Last week, late one afternoon, I wasn't in the mood to make a big production out of supper. The OC was fine with my suggestion of warming up some frozen pizza. I set the oven to preheat,and while waiting I put the pizza in the fridge because I wanted the crust to be crispy. The directions on the box advised keeping the pizza frozen until ready to bake, and who would I have to blame but myself, if I didn't do as I was told, and we ended up with pizza that tasted like soggy cardboard?

The oven beeped, we were good to go. I set the timer for the recommended twenty minutes and gathered up tomatoes, lettuce, mushrooms and onions; the least I could do, since I was off the hook for cooking, was to make a salad. So I stood at the counter, humming to myself, washing and drying, slicing and dicing, carefully cutting off a good chunk around the occasional hole pecked by the birds, whose mothers, obviously, never taught them to finish all the worms on their plate, or at least to only take as much as they intended to finish.

Salad ready. Table set.

"Supper's ready dear!" I really do play my part well [modest blush.]

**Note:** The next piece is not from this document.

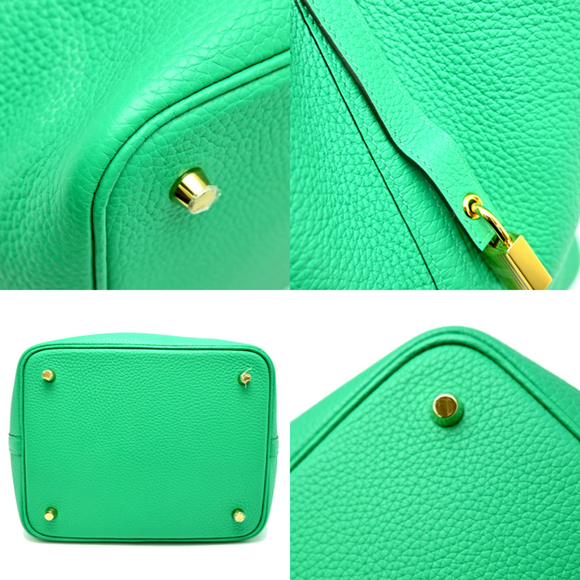 Hermes Herms Picotin Lock MM Z Stamp, 2021, Gold - Picture 7 of 10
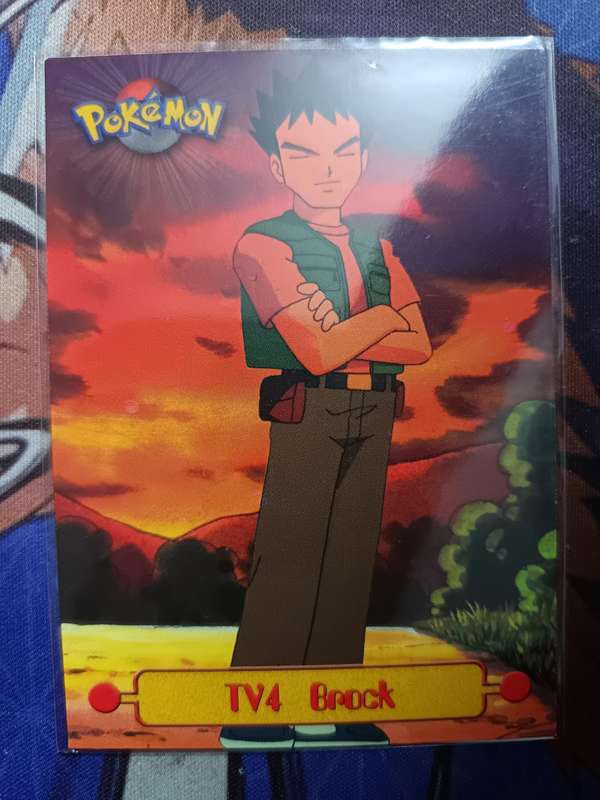 Pokemon Trading Card Game - Brock #TV4 Pokemon 1999 Topps TV - Vintage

That'll be the wasn't! Oven mitts in hand, I opened the oven door, felt the blast of heat and saw.....nothing! [Unless you count "seeing" that the oven needs cleaning.] I stood with my mouth hanging open....

"What the heck???" Mutter, mumble, mutter....

Then it dawned on me. The pizza was still in the fridge, maintaining its crispitude!

Meanwhile the OC sat down at the table, ready for his supper. He had heard me muttering, so asked with a smirk

"What did you do now?"

Among my other services I provide entertainment, albeit unintentionally.

But, on a positive note, the oven being so thoroughly heated, the pizza, when it was finally done, was nice and crispy!

I guess I'll have to up the ante on the mental gymnastics....Chess maybe? Bridge? [shudder!]Classes in calculus? Logic? Egyptian hieroglyphics?

Or,radical thought, slow down and do one thing at a time?